Run the pytest suite, for the python-only version of findpaths:

From the findpaths directory, run

venv/bin/pytest

or if you want to be explicit about it

venv/bin/pytest --lang python

Run the pytest suite, for the C++-enabled version of findpaths:

From the findpaths directory, run

venv/bin/pytest --lang cxx

[OPTIONAL] Read RTX-KG2c graph as json-lines files and save as a pickle file

Normally, the knowledge graph file is pickled by the setup-common.sh script which is run by your OS-specific setup script, but if you need to generate the pickled knowledge graph file manually for some reason, here is the command (note, you need to have previously run the setup script for your particular OS). From the findpaths directory, run:

venv/bin/python findpaths.py --writePickle kg2c-2.8.4

This should save the file as kg2c-2.8.4.pkl. At that point, you are ready to run the script in benchmarking mode (see below).

Benchmark the performance of findpaths.py, for the python only implementation:

Before you can do this step, you will need to have previously built the RTX-KG2c pickle file (see the section "Read RTX-KG2c graph as json-lines files and save as a pickle file).

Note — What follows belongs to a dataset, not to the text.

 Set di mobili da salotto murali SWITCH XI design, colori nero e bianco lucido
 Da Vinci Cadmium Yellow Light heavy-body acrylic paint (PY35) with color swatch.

From the findpaths directory, run:

./run-benchmark.sh

or if you want to be explicit about it

./run-benchmark.sh python

It should print the number of paths generated per second, when the script completes.

Benchmark the performance of findpaths.py, for the C++-enabled version:

From the findpaths directory, run:

./run-benchmark.sh cxx

It should print the number of paths generated per second, when the script completes, like this:

./run-benchmark.sh cxx
Elapsed time: 180.40 sec
Num paths: 336004760
Paths per second: 1862573

Benchmark the performance of findpaths.py for a custom list of pairs of start/end nodes

If you wish to benchmark the performance of findpaths.py for a custom list of pairs of start node CURIE and end node CURIE (in a two-column tab-separated character file test-data-file.txt, run the following command from within the findpaths directory:

venv/bin/python findpaths.py --readPickle \
         --cutoff 3 4 \
         --multiNodeFileName test-data-file.txt \
         kg2c-2.8.4

It should print the number of paths generated per second, when the script completes.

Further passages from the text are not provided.